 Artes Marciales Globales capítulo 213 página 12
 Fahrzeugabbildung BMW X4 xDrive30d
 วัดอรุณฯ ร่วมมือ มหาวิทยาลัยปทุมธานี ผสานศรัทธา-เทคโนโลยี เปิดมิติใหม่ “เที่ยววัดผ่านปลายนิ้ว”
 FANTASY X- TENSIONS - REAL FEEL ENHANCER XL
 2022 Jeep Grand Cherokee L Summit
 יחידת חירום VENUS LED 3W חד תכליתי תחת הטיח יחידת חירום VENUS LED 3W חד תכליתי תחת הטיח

# What the exercise asks
From the line containing "FANTASY X- TENSIONS - REAL FEEL ENHANCER XL" down to the last line of the listing above, give every line again exactly, and add nothing.

# Solution for this problem
 FANTASY X- TENSIONS - REAL FEEL ENHANCER XL
 2022 Jeep Grand Cherokee L Summit
 יחידת חירום VENUS LED 3W חד תכליתי תחת הטיח יחידת חירום VENUS LED 3W חד תכליתי תחת הטיח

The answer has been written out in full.